■ **WORK REQUIRED**
The records follow. Transcribe only the lines from the line containing "Comfy & Bright" through the end, both ends included, and leave out the pictures.

Top of RECORDS SHOWN

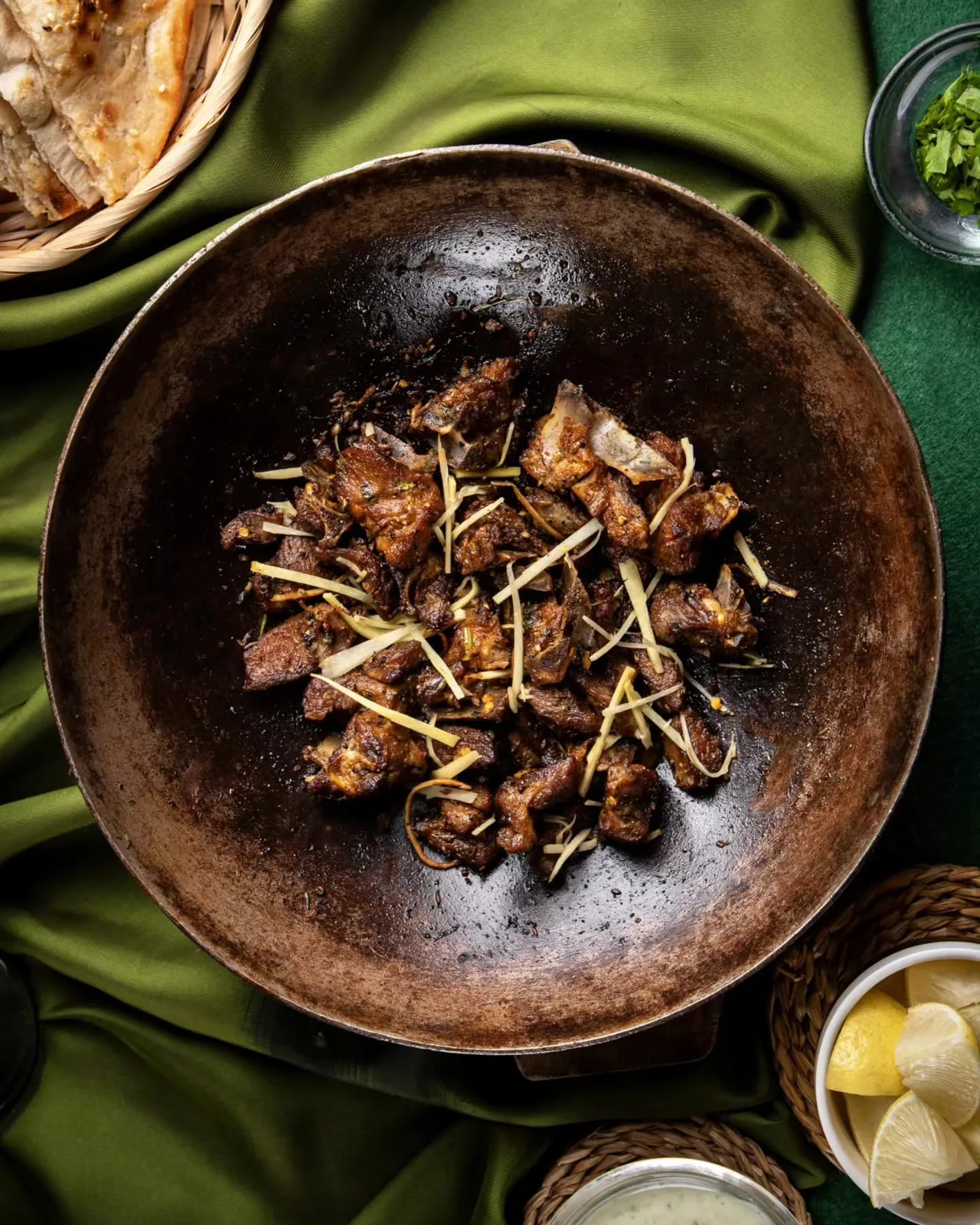 Chicken Brown Karahi ( Dry Meat )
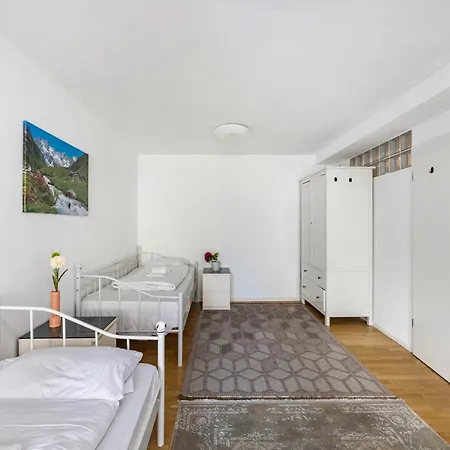 - Aldars 12 Lägenhet *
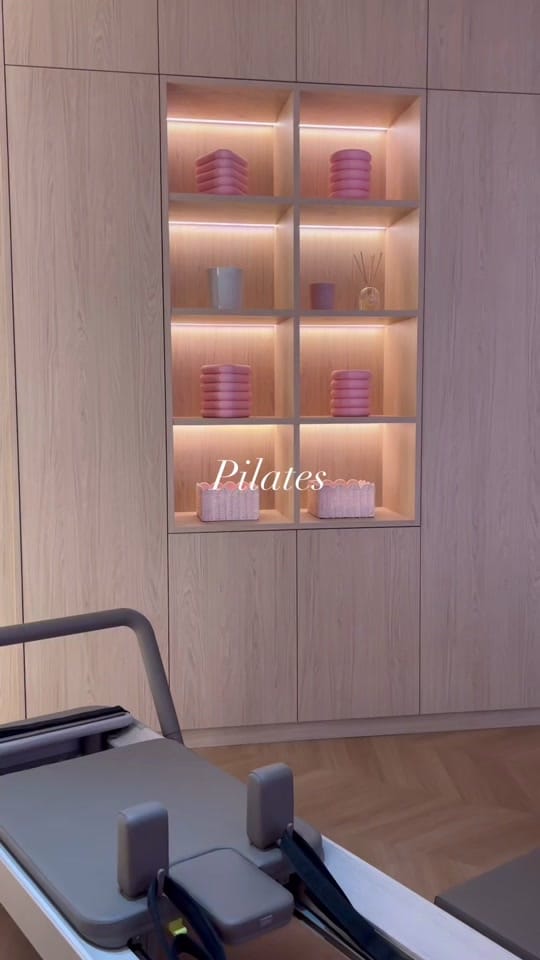 Post 1 by DieNelly | UGC/Content Creator on TikTok (video)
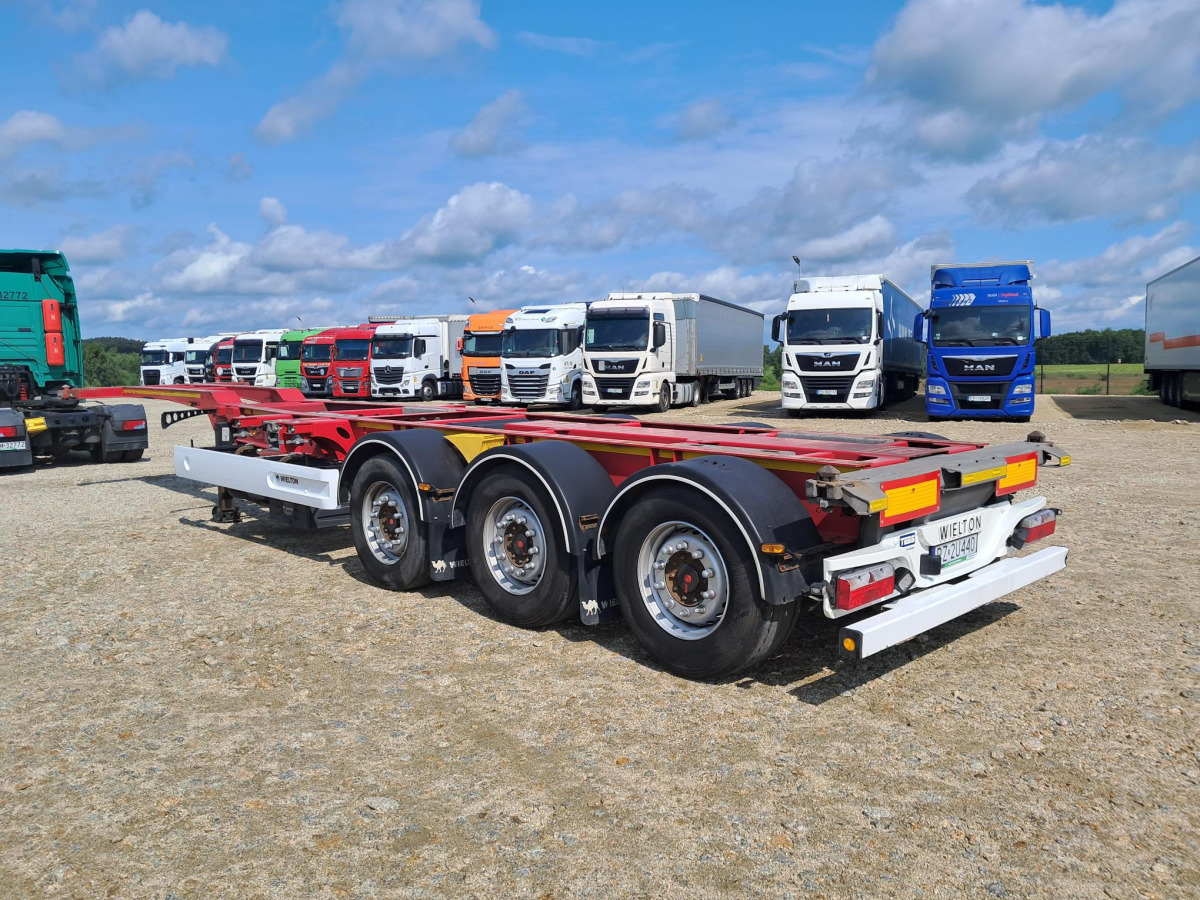 WIELTON NS3P KONTENEROWA - Closed box trailer: picture 1 WIELTON NS3P KONTENEROWA - Closed box trailer: picture 1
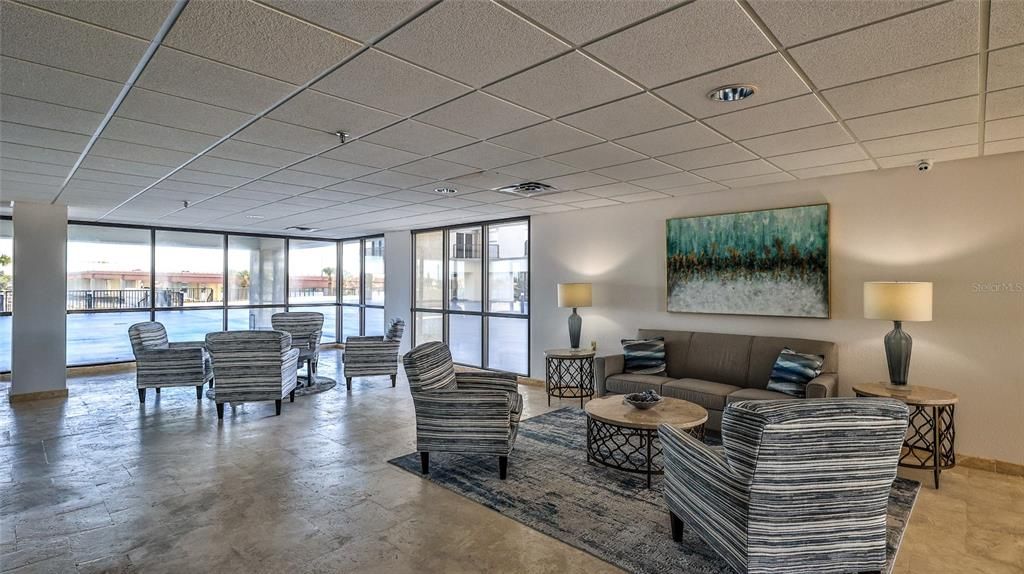 En Venta: $925,000 (2 camas, 2 baños, 1259 Pies cuadrados)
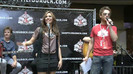 Demi Lovato  Live at Glendale Galleria  in LA for Cambio in HD 00276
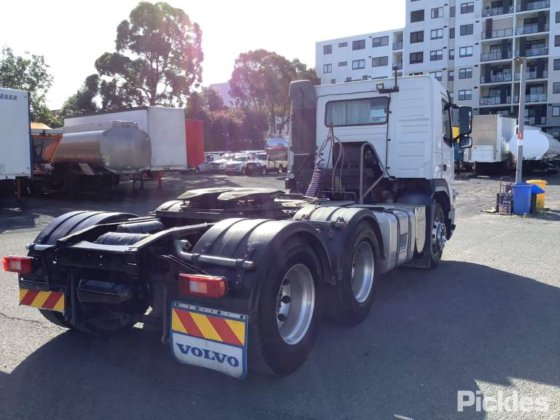 2011年式ボルボ FM 450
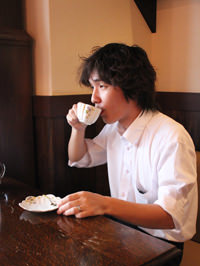 マ
        スター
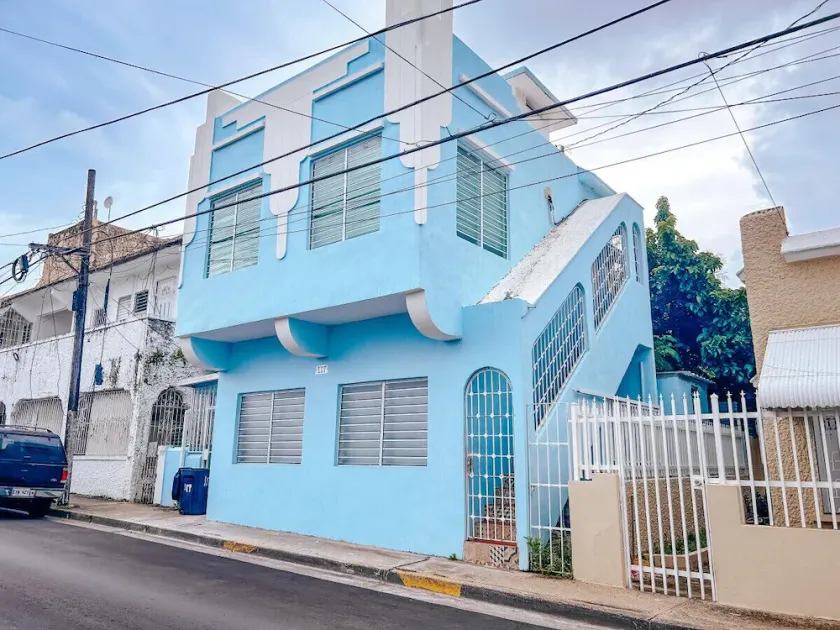 Comfy & Bright Apt @ Calle Loiza - Walk to Beach - Image 1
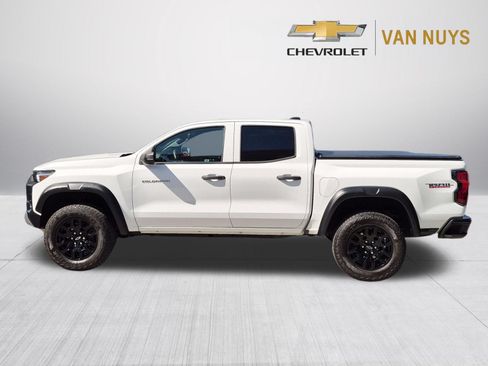 Used 2024 Chevrolet Colorado Trail Boss w/ LPO, Skid Plate Package AWD/4WD image 8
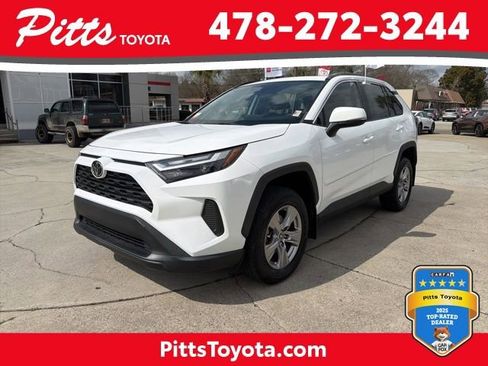 Certified 2022 Toyota RAV4 XLE w/ Convenience Package FWD image 1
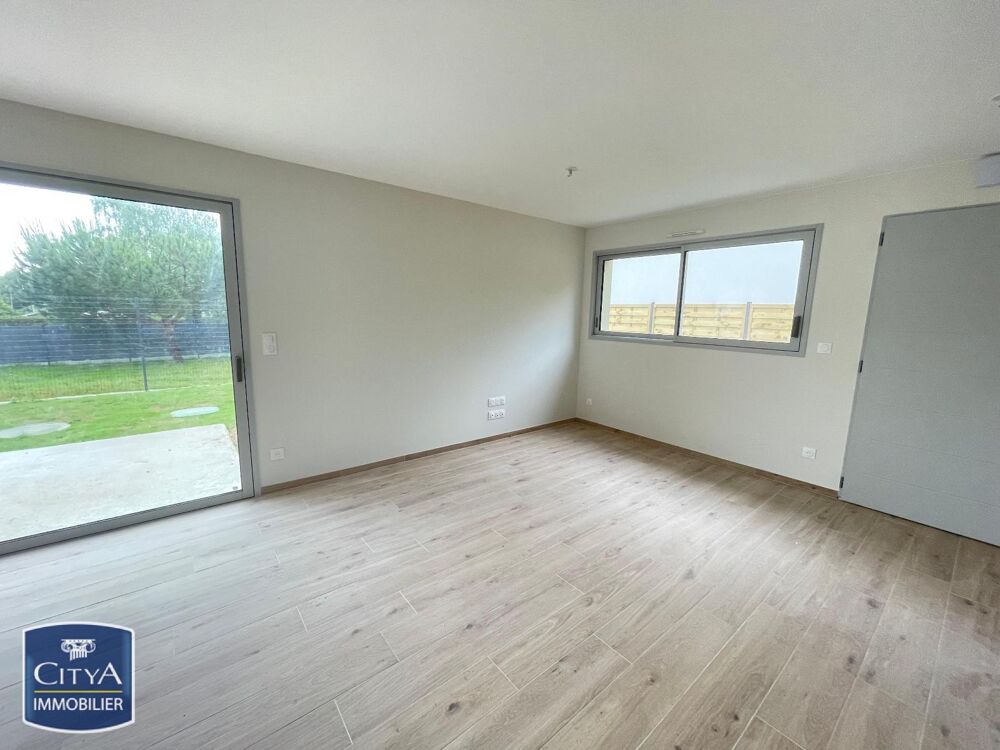 location Maison - 5 pièce(s) - 122 m² Changé (72560)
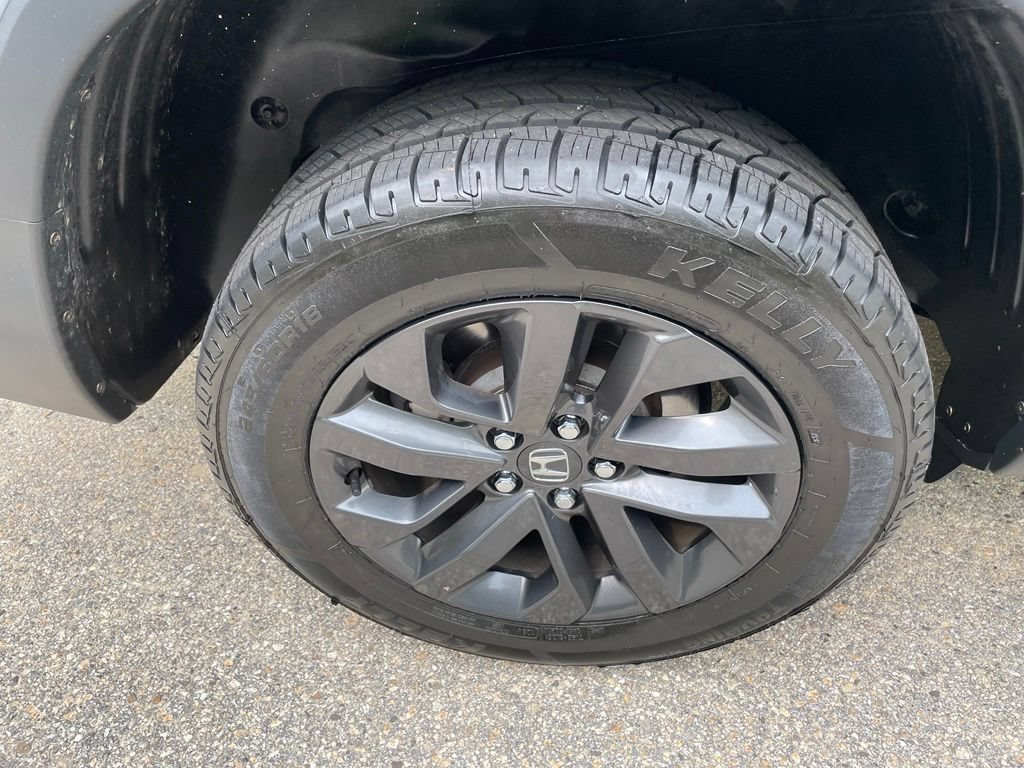 Certified 2023 Honda Ridgeline Sport image 6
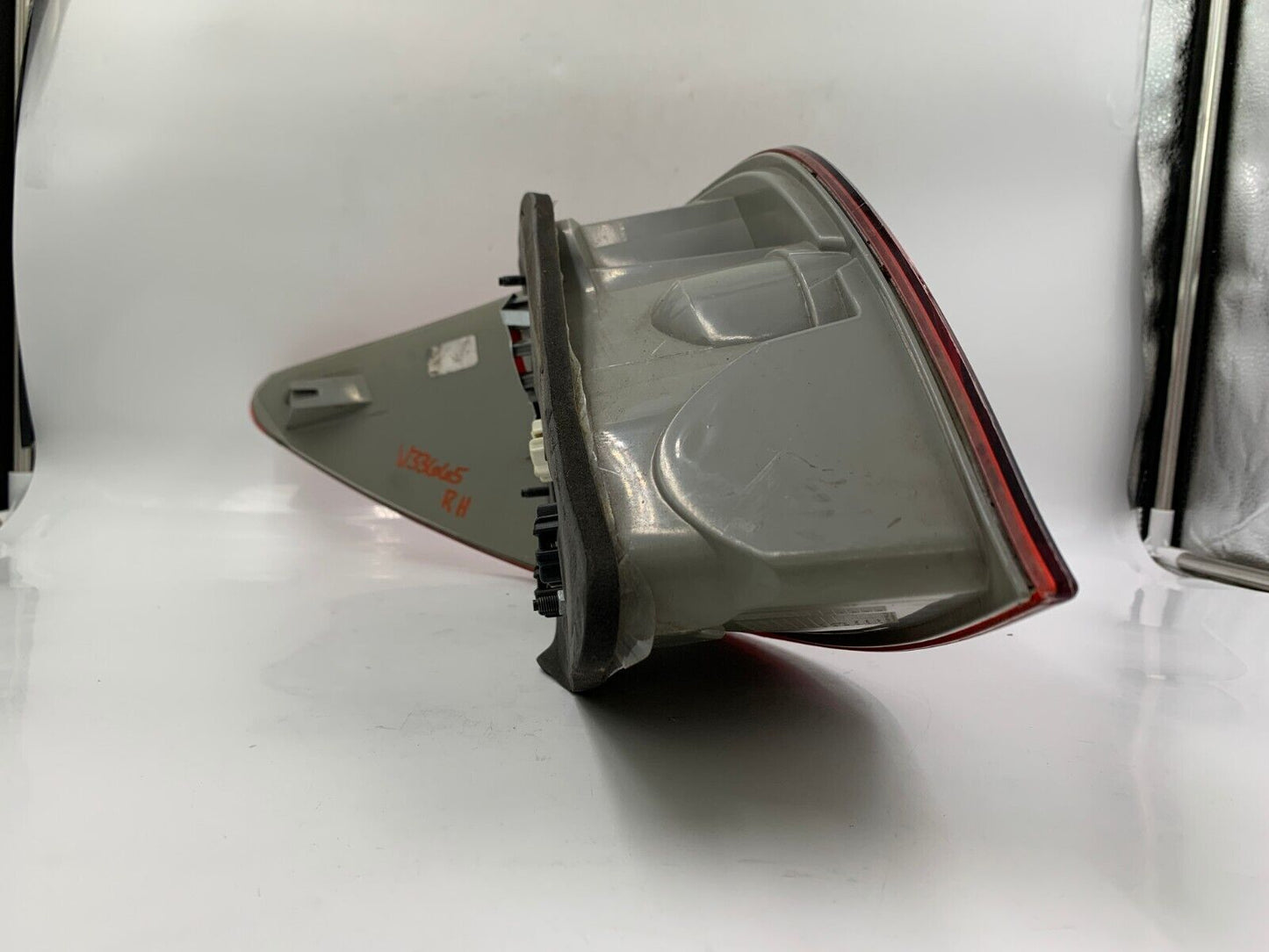 2007-2009 Mercedes-Benz R350 Passenger Side Tail Light Taillight OEM A02B54040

Bottom of RECORDS SHOWN

■ **WRITTEN RESPONSE**
 Comfy & Bright Apt @ Calle Loiza - Walk to Beach - Image 1
 Used 2024 Chevrolet Colorado Trail Boss w/ LPO, Skid Plate Package AWD/4WD image 8
 Certified 2022 Toyota RAV4 XLE w/ Convenience Package FWD image 1
 location Maison - 5 pièce(s) - 122 m² Changé (72560)
 Certified 2023 Honda Ridgeline Sport image 6
 2007-2009 Mercedes-Benz R350 Passenger Side Tail Light Taillight OEM A02B54040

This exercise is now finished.